Lantaran belum mengetahui duduk soalnya secara lengkap, Rini belum bisa menentukan sikap Kementerian BUMN termasuk kemungkinan mencopot Hendi dari kursi Dirut PGN. “Kami lihat saja dasarnya (cekal) apa nanti. Kan tidak bisa sembarangan begitu saja (mencopot orang), harus dilihat dengan baik,” katanya.
Meski begitu, Rini mengaku Kementerian BUMN berencana melakukan sejumlah perombakan di jajaran pengurus perusahaan BUMN sektor energi, termasuk PGN. Hal ini terkait dengan rencana pembentukan induk usaha (holding) BUMN energi, yang menjadikan PT Pertamina (Persero) sebagai induk usaha dan PGN sebagai anak usaha holding tersebut. “PGN sedang dalam proses menjadi bagian dari Pertamina. Tentunya semua nantinya kami akan ada perombakan-perombakan.”
(Baca: Menteri BUMN Enggan Campuri soal Mangkraknya Fasilitas Gas PGN)

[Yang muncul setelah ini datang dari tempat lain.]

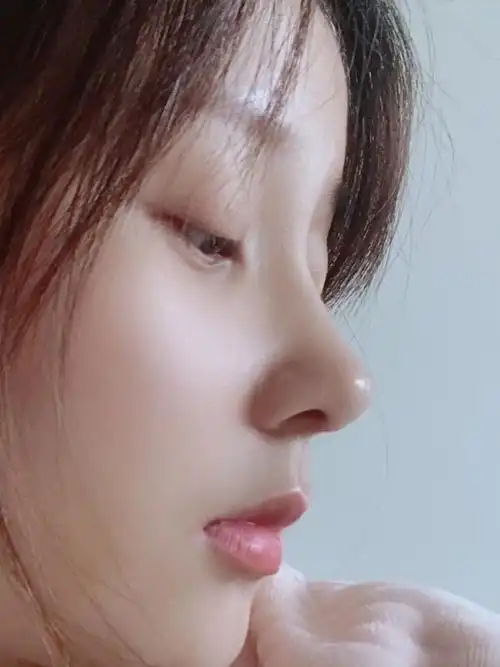 田永华91 半肋77膨体要求:直鼻微翘,山根起点低,自_圈子-新氧美容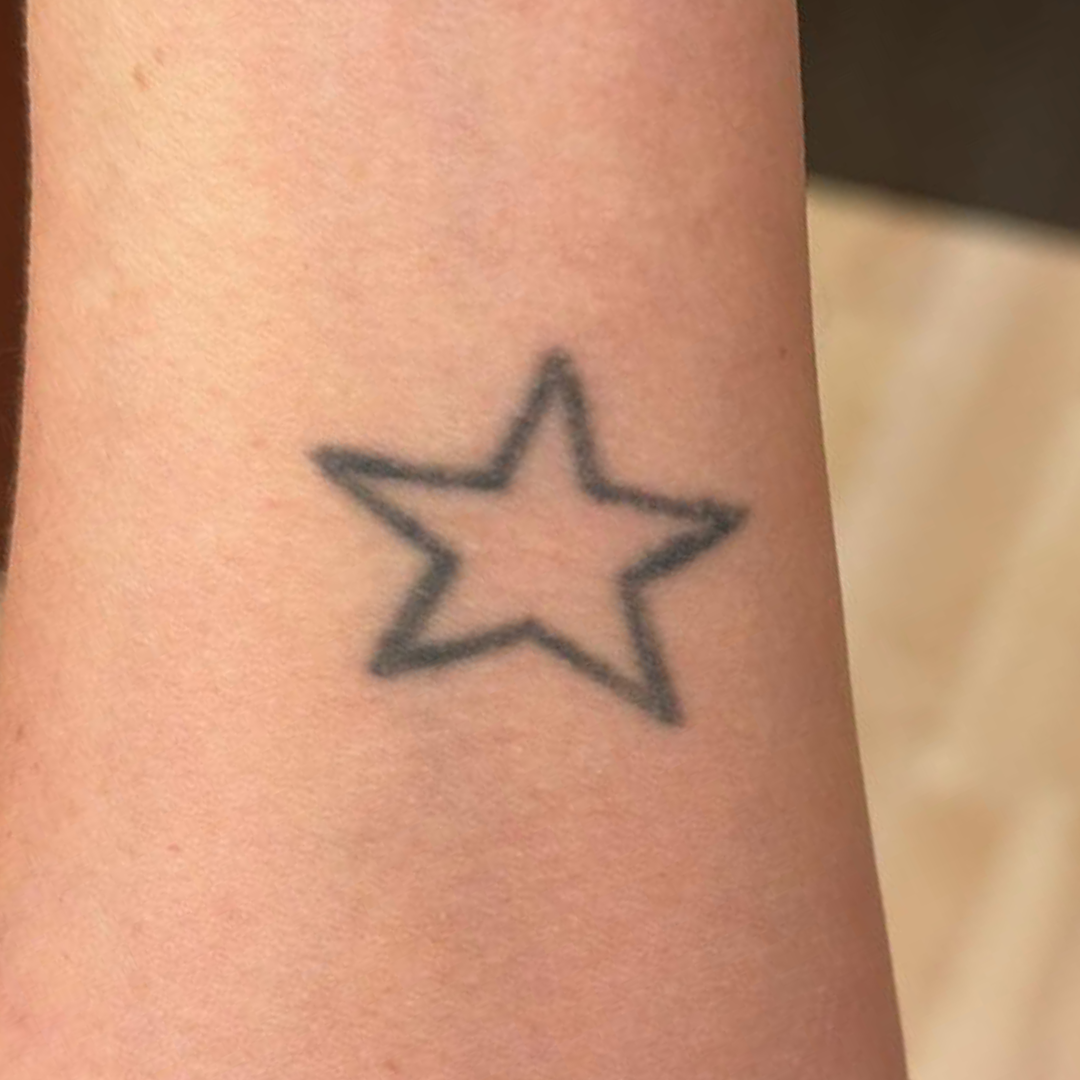 Ster tattoo before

Sebelumnya, Direktur Penyidikan Kejaksaan Agung Fadil Djumhana menyatakan pihaknya telah mencegah Hendi bepergian ke luar negeri untuk menghindari kemungkinan menghilangkan barang bukti. “Sudah dicegah sejak April lalu,” katanya, seperti dikutip Kontan, Rabu (11/5).

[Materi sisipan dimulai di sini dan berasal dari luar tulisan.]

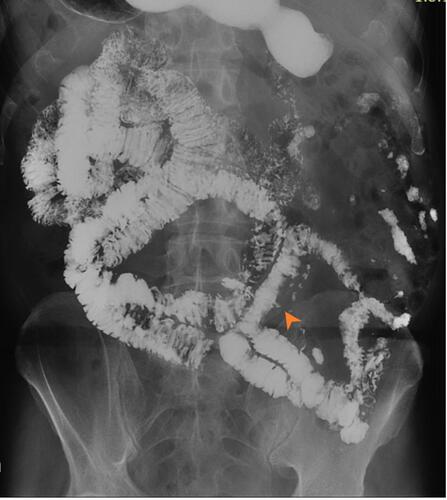 Figure 2 Barium meal follow-through in the follow-up period indicates no evidence of bowel obstruction and absence of enterolith. Multiple small bowel diverticula are noted (Orange arrowhead).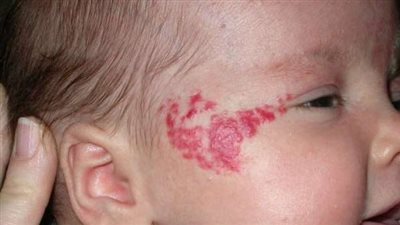 خطورة الوحمة الدموية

Keputusan itu diduga terkait dengan penyelidikan Kejagung atas dugaan penyimpangan pembangunan dan operasional fasilitas penyimpanan gas dan regasifikasi atau Floating Storage Regasification Unit (FSRU) milik PGN di Lampung. Sebelumnya, Jaksa Agung Muda Tindak Pidana Khusus Arminsyah mengatakan, kasus ini sudah naik ke tahap penyidikan meski belum ada tersangkanya.
(Baca: Tujuh Bulan Mangkrak, Regasifikasi Terapung PGN di Lampung Beroperasi Lagi)

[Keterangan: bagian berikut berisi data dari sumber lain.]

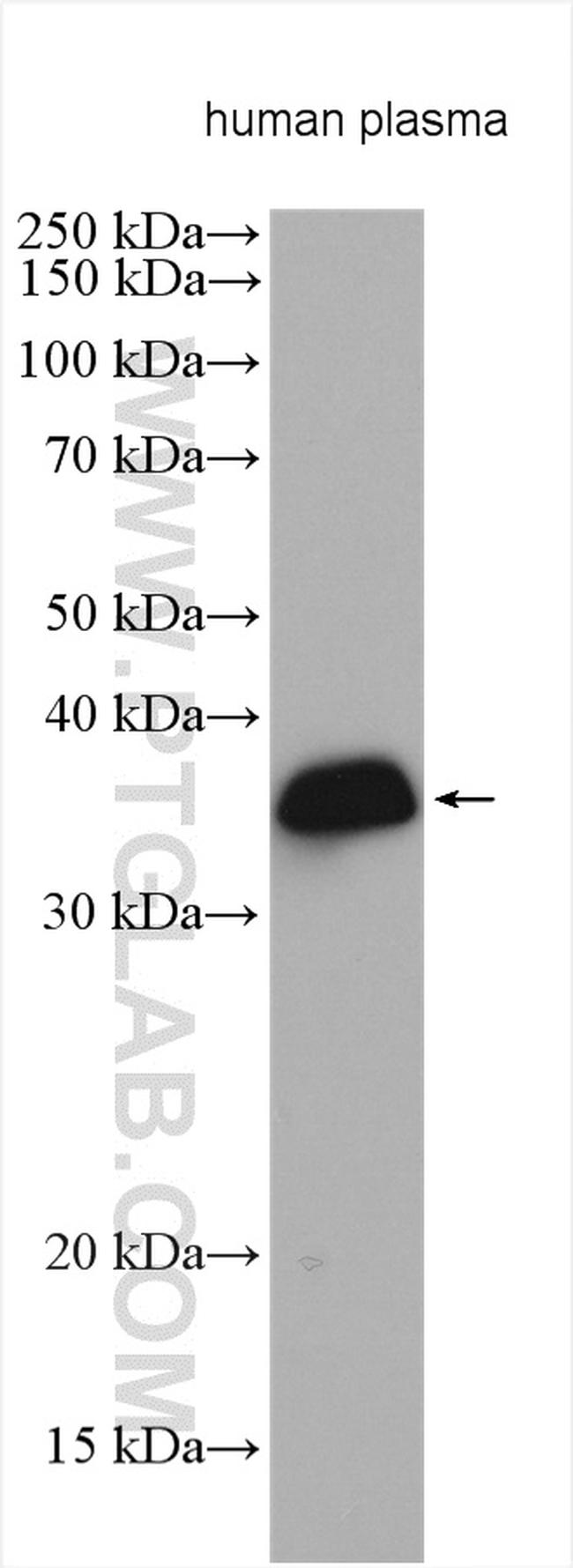 APOE Antibody in Western Blot (WB)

Namun, saat dikonfirmasi, Hendi masih enggan menjelaskan kasus yang menimpanya tersebut. “Saya masih no comment soal itu,” ujarnya saat ditemui di kantor Kementerian BUMN, Jakarta, Rabu (11/5).
Kasus ini semula dilaporkan oleh Energy Watch Indonesia. Seperti diketahui, proyek FSRU Lampung ini rampung pada 2014. Sejak itu, PGN mulai menjual gas yang dihasilkan dari fasilitas tersebut kepada PT Perusahaan Listrik Negara (PLN). Tujuannya untuk memenuhi kebutuhan pembangkit listrik Muara Tawar di Bekasi.
Volume penjualannya sebesar 40,5 juta kaki kubik gas per hari (MMSCFD) dengan harga US$ 18 per MMBTU, Namun, kontrak jual-beli gas tersebut nyatanya terhenti sejak Januari lalu. Meski mangkrak, PGN terus membayar biaya operasional fasilitas tersebut sehingga dinikai telah menimbulkan kerugian negara.
(Baca: Kesepakatan Harga Belum Selesai, FSRU Lampung Mangkrak)
Selain itu, Energy Watch Indonesia menilai investasi menara sandar kapal di FSRU Lampung senilai US$ 100 juta ini terlalu mahal. Begitu juga dengan pembangunan jaringan pipa lepas pantai sepanjang 30 hingga 50 kilometer dari fasilitas ini ke jaringan transmisi Sumatera Selatan-Jawa Barat dan fasilitas penjualan pendukung lainnya sebesar US$ 150 juta.